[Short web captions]
○ ○ ○ ○ ○ ○ ○

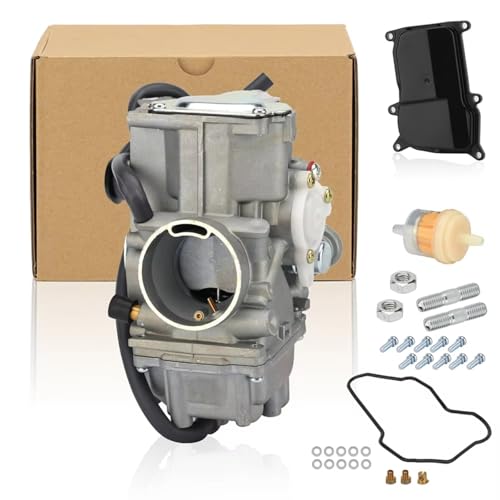 Carburateur Quad Warrior 350 évite les fuites d'essence du moteur YFM350X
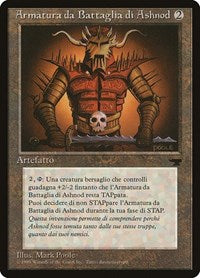 Ashnod's Battle Gear (Italian) - "Armatura da Battaglia di Ashnod" [Rinascimento] | Cracking-Singles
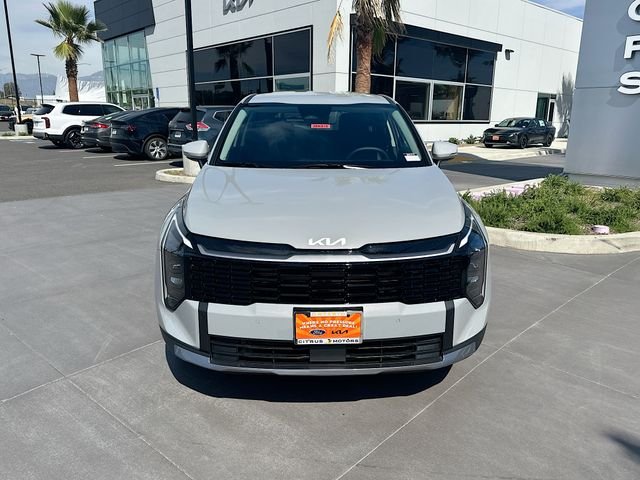 Used 2026 Wolf Gray Kia EX image 2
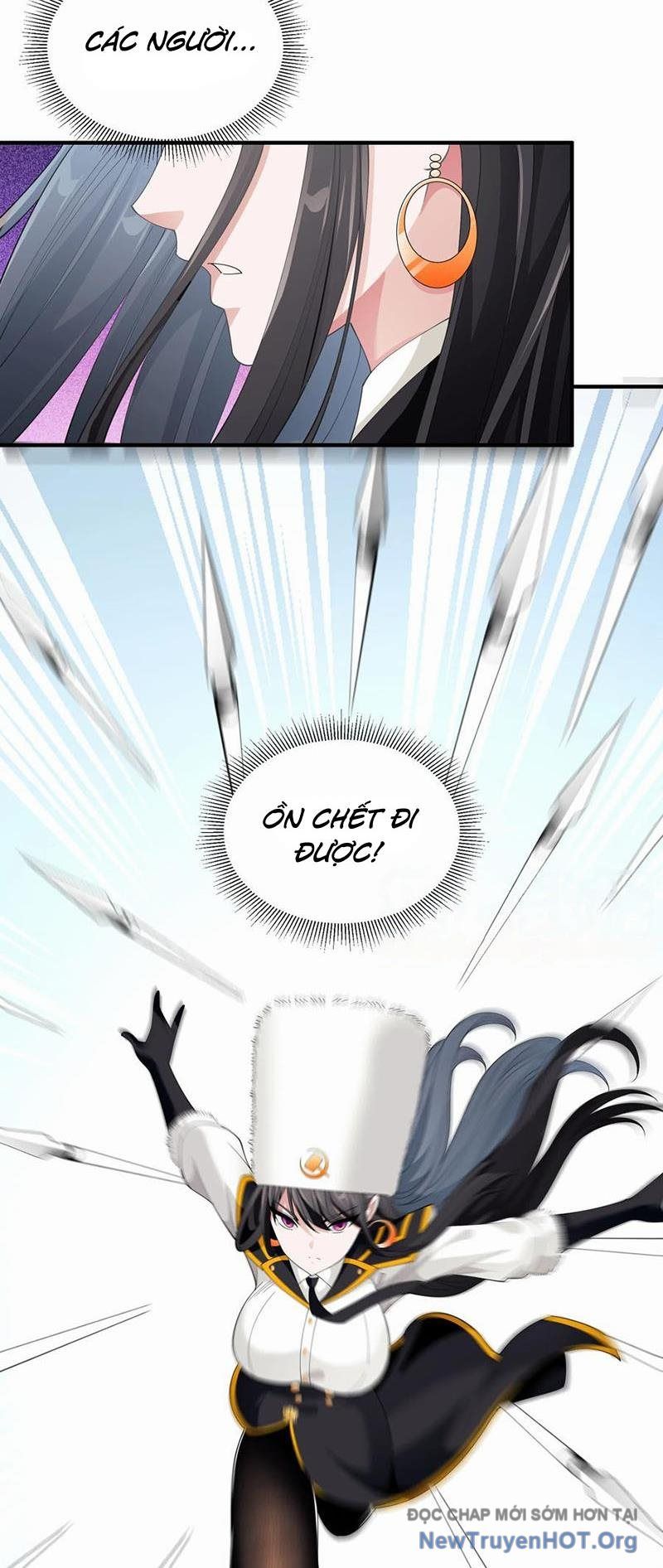 Tiểu Bạo Chúa Không Muốn Gặp Kết Thảm Chapter 67 - 11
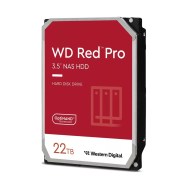 Western Digital Red Pro WD221KFGX 22TB - cena, porovnanie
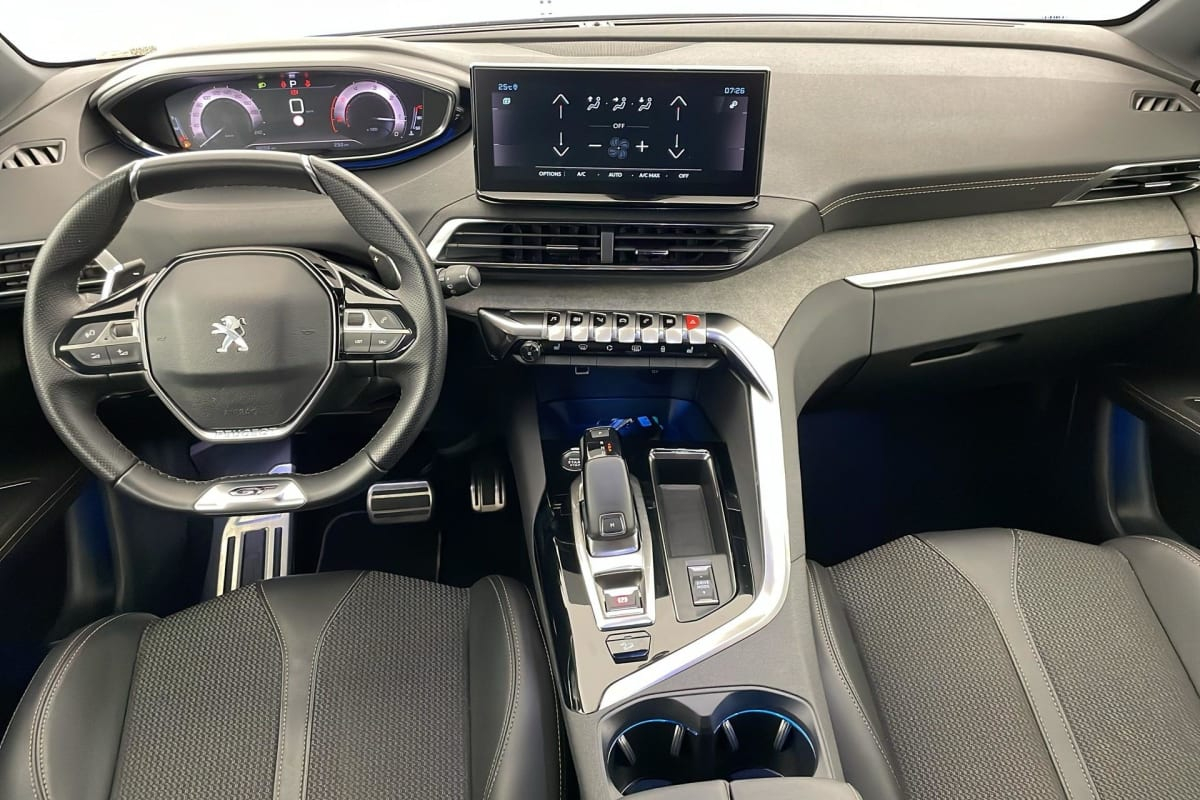 Peugeot 3008 — photo 13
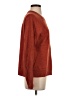 J.Crew Factory Store Solid Red Pullover Sweater Size S - photo 4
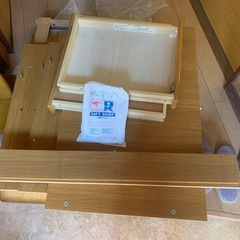 学習机　移動楽々簡単組み立て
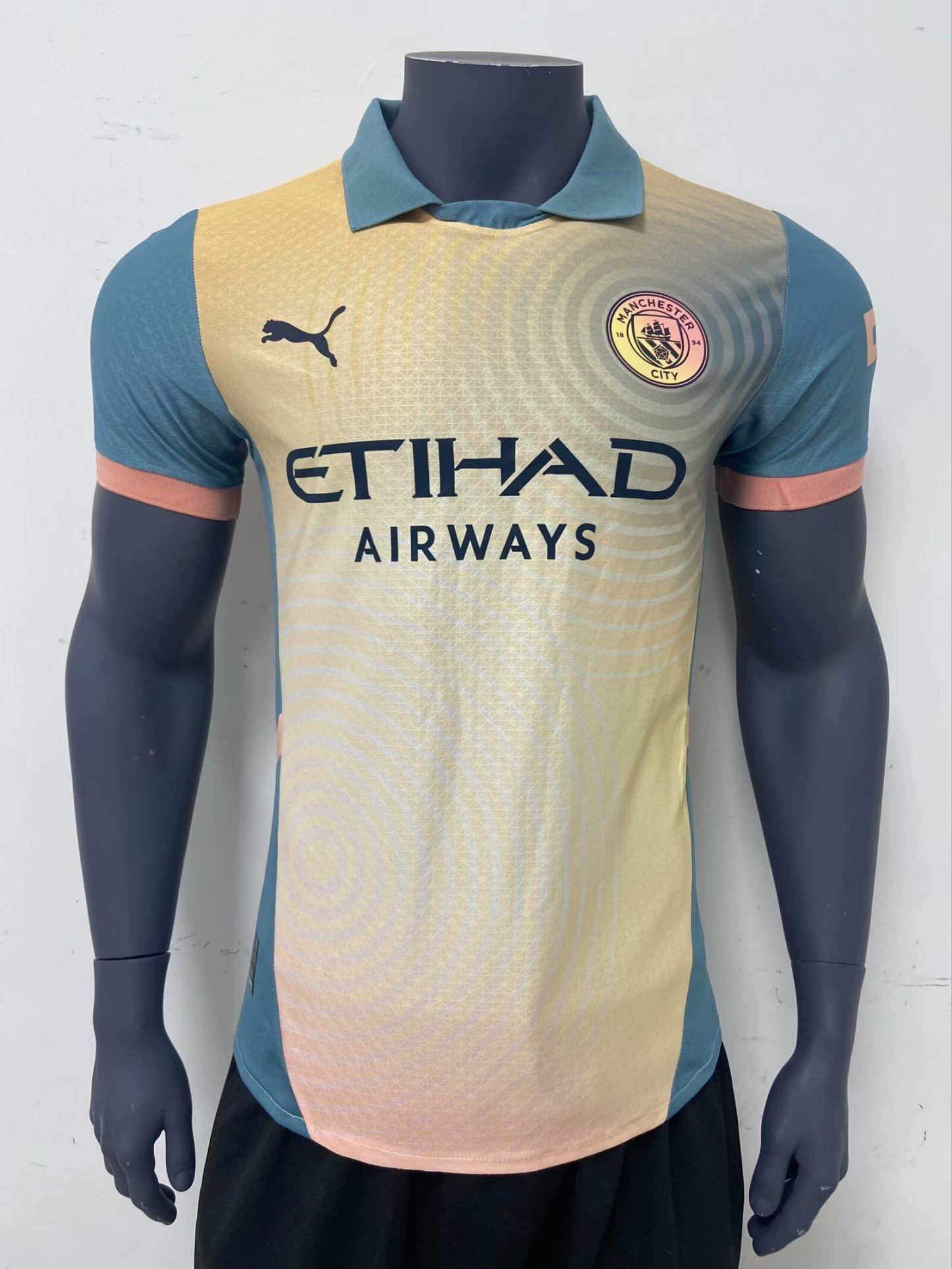 24/25 Manchester City special player version S-XXL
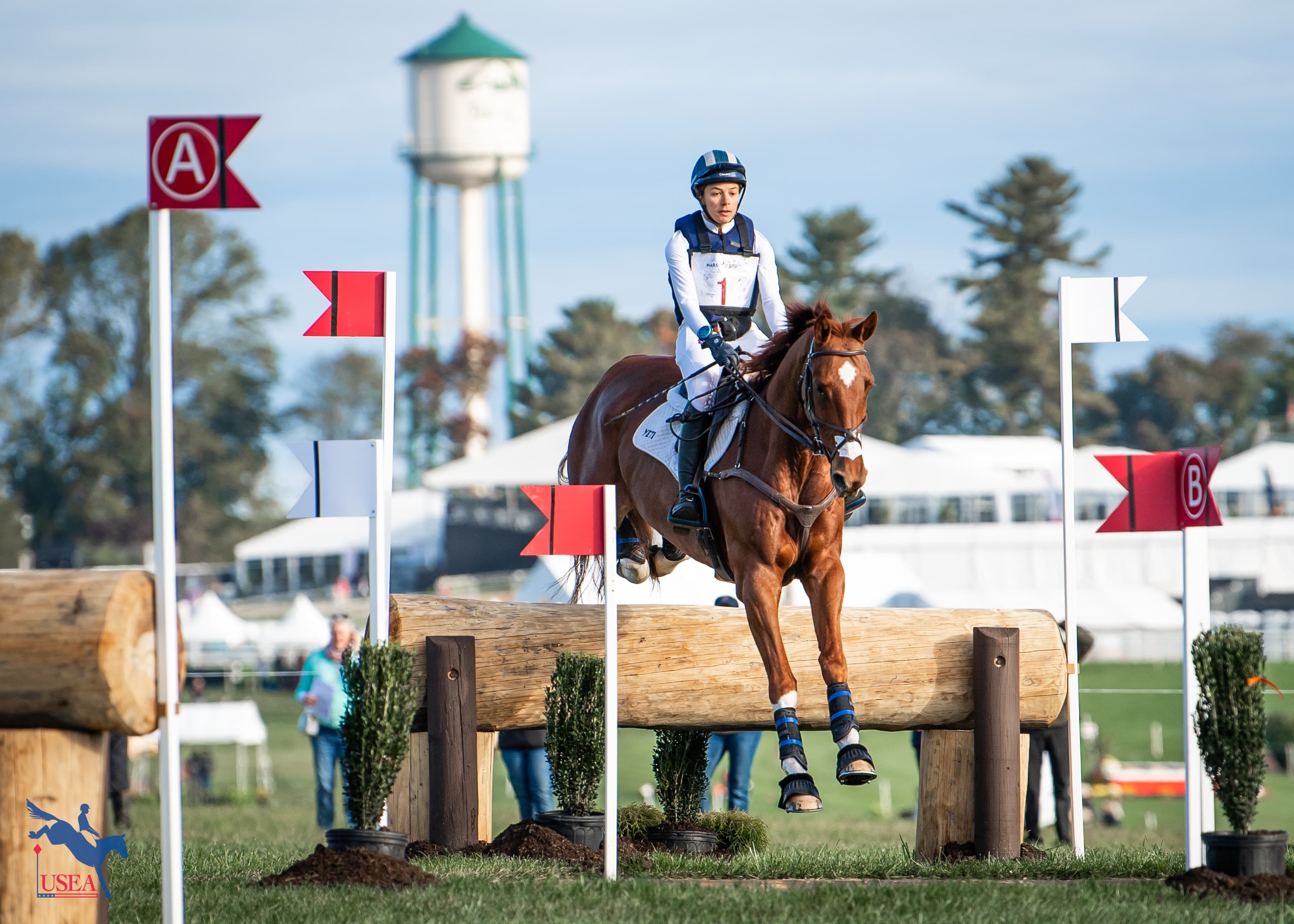 USEA/Lindsay Berreth photo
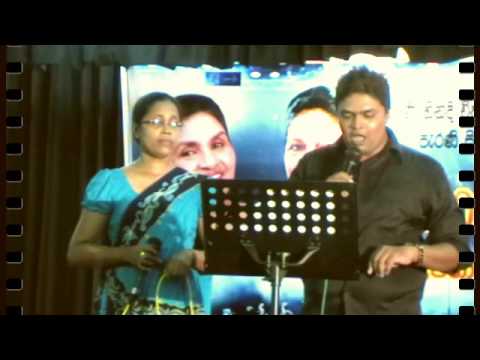 SADANANDANIYA  GEE  2015  -   AAWA PEMWATHA  YANNE -SWEEP TICKET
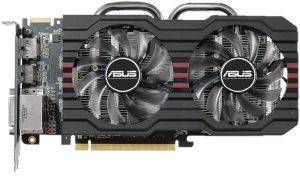 ASUS RADEON R7 265 R7265-DC2-2GD5 2GB GDDR5 PCI-E RETAIL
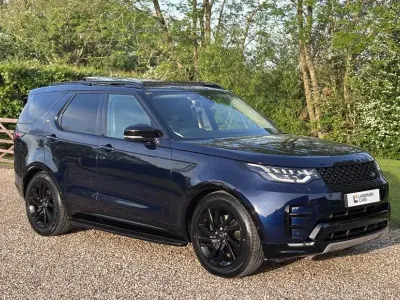 Usado Land Rover Discovery 5 Landmark 240 CV (176 kW) 2019 SUV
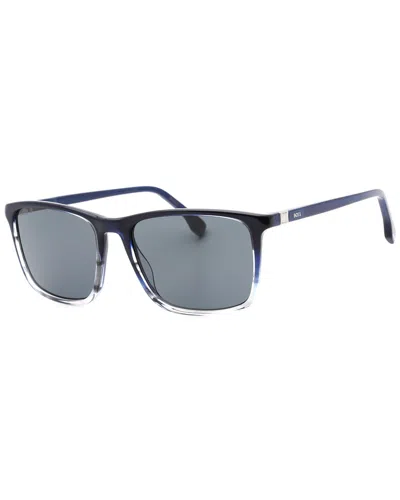 Hugo Boss Men's Boss 1434/s 56mm Sunglasses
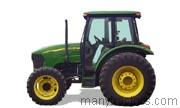 John Deere 5625 2007 comparison online with competitors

○ ○ ○ ○ ○ ○ ○

● REQUIRED ACTION
Transcribe exactly the lines that go from the one holding "USEA/Lindsay Berreth photo" through the last line of the entries, both included, and nothing besides them. Do not include any pictures.

● OUTPUT OF THE EXERCISE
 USEA/Lindsay Berreth photo
 SADANANDANIYA  GEE  2015  -   AAWA PEMWATHA  YANNE -SWEEP TICKET
 ASUS RADEON R7 265 R7265-DC2-2GD5 2GB GDDR5 PCI-E RETAIL
 Usado Land Rover Discovery 5 Landmark 240 CV (176 kW) 2019 SUV
 Hugo Boss Men's Boss 1434/s 56mm Sunglasses
 John Deere 5625 2007 comparison online with competitors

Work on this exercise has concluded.